Nothing but an exact copy is asked for: the lines in the material below from the one with "The pastry chef" through the one with "Two NYPD officers", pictures excluded.

Data to examine:
++++

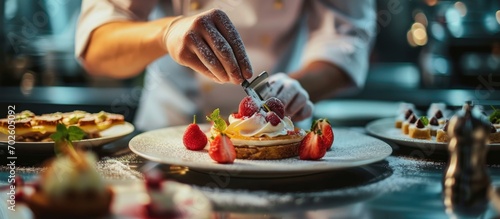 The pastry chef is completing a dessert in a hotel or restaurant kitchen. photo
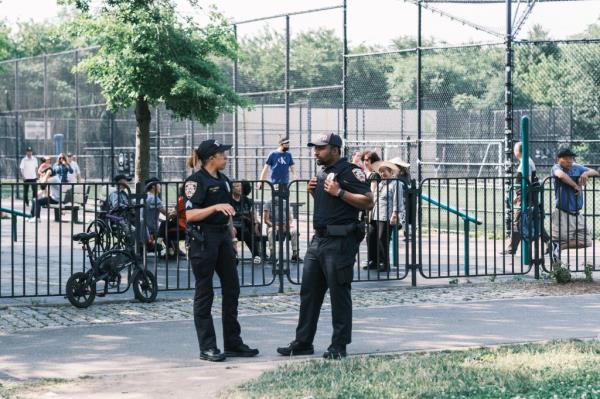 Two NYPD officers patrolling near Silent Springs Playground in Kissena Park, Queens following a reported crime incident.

++++

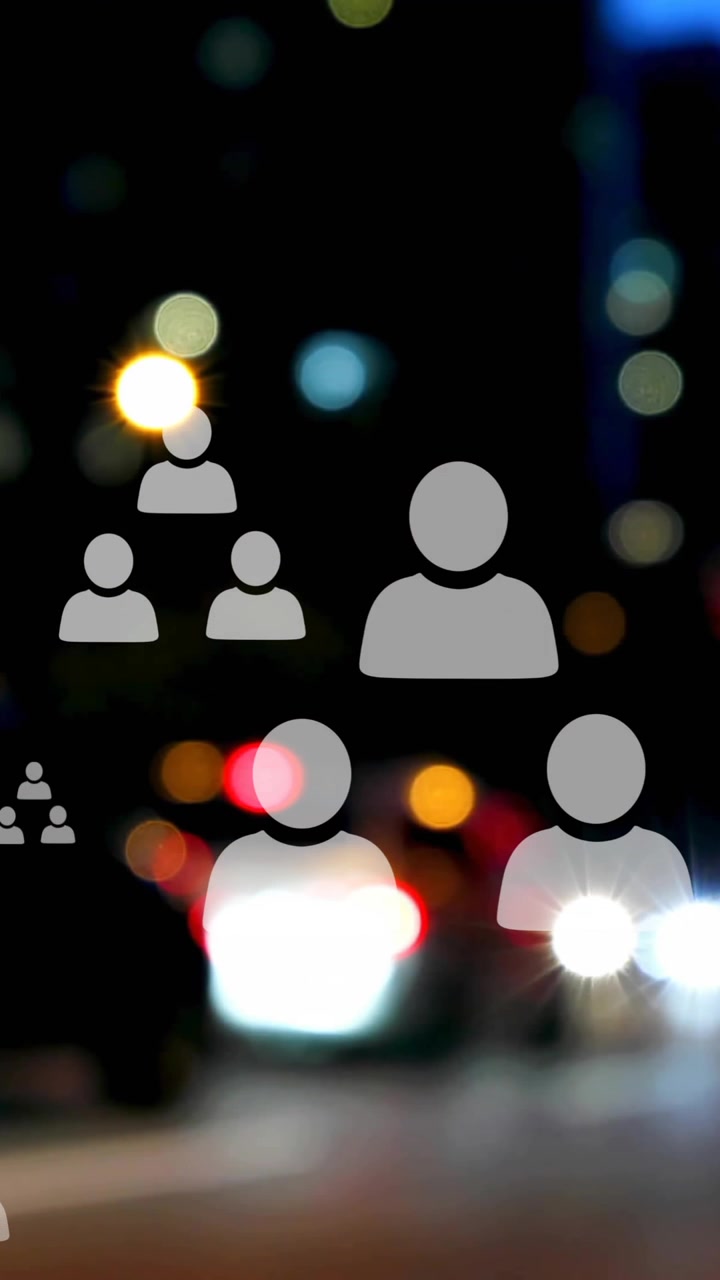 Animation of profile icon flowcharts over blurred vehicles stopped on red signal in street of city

++++

Response to the task:
 The pastry chef is completing a dessert in a hotel or restaurant kitchen. photo
 Two NYPD officers patrolling near Silent Springs Playground in Kissena Park, Queens following a reported crime incident.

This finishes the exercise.